Problem details. Looking at the listing below, retype exactly the lines starting at the one containing "A plume of smoke" and ending at the one containing "Detail of a", both included, and nothing else.

Data supplied.
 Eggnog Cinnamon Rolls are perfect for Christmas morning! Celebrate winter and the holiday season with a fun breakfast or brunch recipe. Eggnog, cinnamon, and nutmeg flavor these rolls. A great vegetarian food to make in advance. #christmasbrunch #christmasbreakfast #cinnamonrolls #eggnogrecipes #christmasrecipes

--

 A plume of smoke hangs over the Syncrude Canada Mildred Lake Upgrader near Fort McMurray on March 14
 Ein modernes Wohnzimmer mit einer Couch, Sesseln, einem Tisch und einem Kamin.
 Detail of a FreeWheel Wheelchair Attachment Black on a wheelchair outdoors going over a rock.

The completed task.
 A plume of smoke hangs over the Syncrude Canada Mildred Lake Upgrader near Fort McMurray on March 14
 Ein modernes Wohnzimmer mit einer Couch, Sesseln, einem Tisch und einem Kamin.
 Detail of a FreeWheel Wheelchair Attachment Black on a wheelchair outdoors going over a rock.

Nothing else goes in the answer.